Problem statement:
Somewhere below are a line with "Ingram Blue Jersey" and a later line with "Boats at the". Output exactly those lines and all lines between them.

Input for this task:
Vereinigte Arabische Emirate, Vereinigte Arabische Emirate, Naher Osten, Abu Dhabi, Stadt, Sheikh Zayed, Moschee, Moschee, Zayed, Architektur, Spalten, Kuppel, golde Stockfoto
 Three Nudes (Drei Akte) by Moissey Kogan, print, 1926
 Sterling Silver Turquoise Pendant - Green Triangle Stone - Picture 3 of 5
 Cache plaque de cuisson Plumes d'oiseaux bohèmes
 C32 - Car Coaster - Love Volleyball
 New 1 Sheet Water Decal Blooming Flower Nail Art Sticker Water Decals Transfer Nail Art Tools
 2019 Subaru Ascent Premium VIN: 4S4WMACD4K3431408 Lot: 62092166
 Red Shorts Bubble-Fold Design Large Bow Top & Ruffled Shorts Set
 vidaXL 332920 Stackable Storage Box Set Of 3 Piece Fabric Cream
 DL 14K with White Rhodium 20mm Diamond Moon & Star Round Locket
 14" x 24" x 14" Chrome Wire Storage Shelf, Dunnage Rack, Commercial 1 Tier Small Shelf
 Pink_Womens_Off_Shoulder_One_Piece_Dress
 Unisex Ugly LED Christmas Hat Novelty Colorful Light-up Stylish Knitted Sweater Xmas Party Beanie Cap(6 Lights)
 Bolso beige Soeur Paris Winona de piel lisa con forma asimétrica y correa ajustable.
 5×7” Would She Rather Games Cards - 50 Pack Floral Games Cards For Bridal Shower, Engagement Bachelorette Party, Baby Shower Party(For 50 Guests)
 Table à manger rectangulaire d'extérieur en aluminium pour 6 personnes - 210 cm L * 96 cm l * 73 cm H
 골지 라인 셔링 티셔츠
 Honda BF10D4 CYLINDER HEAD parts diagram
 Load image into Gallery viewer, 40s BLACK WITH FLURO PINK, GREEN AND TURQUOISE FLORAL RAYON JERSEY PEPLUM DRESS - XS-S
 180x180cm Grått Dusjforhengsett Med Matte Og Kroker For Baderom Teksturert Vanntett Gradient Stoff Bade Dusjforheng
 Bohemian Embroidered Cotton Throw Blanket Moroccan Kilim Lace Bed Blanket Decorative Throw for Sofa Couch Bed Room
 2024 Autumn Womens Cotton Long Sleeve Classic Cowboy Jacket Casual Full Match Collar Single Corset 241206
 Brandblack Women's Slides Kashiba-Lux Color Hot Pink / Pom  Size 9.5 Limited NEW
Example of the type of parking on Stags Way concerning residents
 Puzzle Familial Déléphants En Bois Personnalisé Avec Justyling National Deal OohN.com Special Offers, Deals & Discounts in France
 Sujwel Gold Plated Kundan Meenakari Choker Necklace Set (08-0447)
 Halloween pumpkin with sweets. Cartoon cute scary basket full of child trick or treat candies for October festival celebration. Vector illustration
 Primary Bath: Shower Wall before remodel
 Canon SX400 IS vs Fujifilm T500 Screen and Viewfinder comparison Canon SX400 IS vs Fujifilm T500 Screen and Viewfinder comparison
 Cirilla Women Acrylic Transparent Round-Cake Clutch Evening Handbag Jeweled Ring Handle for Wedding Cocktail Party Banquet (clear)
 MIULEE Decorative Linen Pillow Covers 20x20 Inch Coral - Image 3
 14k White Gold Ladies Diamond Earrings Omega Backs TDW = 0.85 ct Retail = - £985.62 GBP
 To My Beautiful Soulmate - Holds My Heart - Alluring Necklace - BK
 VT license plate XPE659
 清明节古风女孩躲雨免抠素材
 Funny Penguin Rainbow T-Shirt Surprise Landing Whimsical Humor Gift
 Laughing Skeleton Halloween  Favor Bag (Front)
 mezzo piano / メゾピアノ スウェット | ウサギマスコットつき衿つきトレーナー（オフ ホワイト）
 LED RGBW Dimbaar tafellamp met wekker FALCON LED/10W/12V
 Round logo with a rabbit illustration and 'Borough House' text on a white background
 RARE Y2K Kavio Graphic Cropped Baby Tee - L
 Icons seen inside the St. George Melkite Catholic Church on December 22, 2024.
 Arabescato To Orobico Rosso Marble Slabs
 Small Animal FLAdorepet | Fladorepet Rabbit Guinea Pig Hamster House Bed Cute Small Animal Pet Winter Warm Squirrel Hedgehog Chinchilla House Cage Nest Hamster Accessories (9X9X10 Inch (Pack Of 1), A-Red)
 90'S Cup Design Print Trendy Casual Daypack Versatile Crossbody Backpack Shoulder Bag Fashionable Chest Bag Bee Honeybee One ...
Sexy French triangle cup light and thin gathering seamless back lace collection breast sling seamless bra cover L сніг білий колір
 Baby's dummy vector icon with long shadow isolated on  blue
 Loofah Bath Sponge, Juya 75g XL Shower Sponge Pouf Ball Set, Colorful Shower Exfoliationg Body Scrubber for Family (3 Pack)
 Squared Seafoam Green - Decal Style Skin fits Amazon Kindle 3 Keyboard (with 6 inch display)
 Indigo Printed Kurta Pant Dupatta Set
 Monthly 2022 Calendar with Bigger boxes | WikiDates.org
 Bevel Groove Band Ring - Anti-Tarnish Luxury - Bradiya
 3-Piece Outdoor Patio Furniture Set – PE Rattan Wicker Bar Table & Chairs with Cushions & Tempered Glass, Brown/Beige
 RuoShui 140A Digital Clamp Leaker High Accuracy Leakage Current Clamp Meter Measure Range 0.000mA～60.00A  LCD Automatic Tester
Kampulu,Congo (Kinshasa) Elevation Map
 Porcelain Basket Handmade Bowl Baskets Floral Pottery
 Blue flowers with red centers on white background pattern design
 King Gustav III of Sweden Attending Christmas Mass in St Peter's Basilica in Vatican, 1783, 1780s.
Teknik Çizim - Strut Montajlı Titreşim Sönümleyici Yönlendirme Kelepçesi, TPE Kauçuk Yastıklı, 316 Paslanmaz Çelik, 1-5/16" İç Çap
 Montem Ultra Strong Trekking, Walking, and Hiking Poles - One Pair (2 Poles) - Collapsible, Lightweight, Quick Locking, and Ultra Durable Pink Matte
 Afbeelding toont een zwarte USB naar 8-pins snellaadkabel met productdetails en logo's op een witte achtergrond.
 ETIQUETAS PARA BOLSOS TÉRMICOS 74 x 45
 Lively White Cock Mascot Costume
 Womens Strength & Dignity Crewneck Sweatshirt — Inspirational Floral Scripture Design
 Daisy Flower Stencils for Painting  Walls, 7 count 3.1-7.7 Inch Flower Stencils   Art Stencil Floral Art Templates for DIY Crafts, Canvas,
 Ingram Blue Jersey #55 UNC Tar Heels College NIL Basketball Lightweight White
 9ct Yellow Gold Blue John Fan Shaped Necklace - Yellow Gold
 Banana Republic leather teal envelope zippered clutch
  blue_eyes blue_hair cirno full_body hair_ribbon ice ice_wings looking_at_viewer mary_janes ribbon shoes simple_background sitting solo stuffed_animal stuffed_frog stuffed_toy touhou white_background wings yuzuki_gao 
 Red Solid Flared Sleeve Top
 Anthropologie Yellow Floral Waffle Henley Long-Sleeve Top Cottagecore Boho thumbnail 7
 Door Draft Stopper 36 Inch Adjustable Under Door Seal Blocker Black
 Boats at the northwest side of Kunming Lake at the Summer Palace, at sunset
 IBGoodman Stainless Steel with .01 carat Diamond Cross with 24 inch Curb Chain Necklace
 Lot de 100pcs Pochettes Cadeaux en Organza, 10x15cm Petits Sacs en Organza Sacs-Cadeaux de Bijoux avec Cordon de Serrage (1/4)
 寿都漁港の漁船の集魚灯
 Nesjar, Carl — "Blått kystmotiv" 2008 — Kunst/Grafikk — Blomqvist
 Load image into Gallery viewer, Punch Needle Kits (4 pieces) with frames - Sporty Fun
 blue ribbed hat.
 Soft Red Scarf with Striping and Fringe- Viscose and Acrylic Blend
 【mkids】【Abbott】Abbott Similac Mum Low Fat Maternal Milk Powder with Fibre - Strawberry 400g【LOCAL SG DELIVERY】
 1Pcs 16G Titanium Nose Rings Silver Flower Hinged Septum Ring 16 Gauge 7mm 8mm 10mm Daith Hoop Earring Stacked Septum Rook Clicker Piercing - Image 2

Answer for the task:
 Ingram Blue Jersey #55 UNC Tar Heels College NIL Basketball Lightweight White
 9ct Yellow Gold Blue John Fan Shaped Necklace - Yellow Gold
 Banana Republic leather teal envelope zippered clutch
  blue_eyes blue_hair cirno full_body hair_ribbon ice ice_wings looking_at_viewer mary_janes ribbon shoes simple_background sitting solo stuffed_animal stuffed_frog stuffed_toy touhou white_background wings yuzuki_gao 
 Red Solid Flared Sleeve Top
 Anthropologie Yellow Floral Waffle Henley Long-Sleeve Top Cottagecore Boho thumbnail 7
 Door Draft Stopper 36 Inch Adjustable Under Door Seal Blocker Black
 Boats at the northwest side of Kunming Lake at the Summer Palace, at sunset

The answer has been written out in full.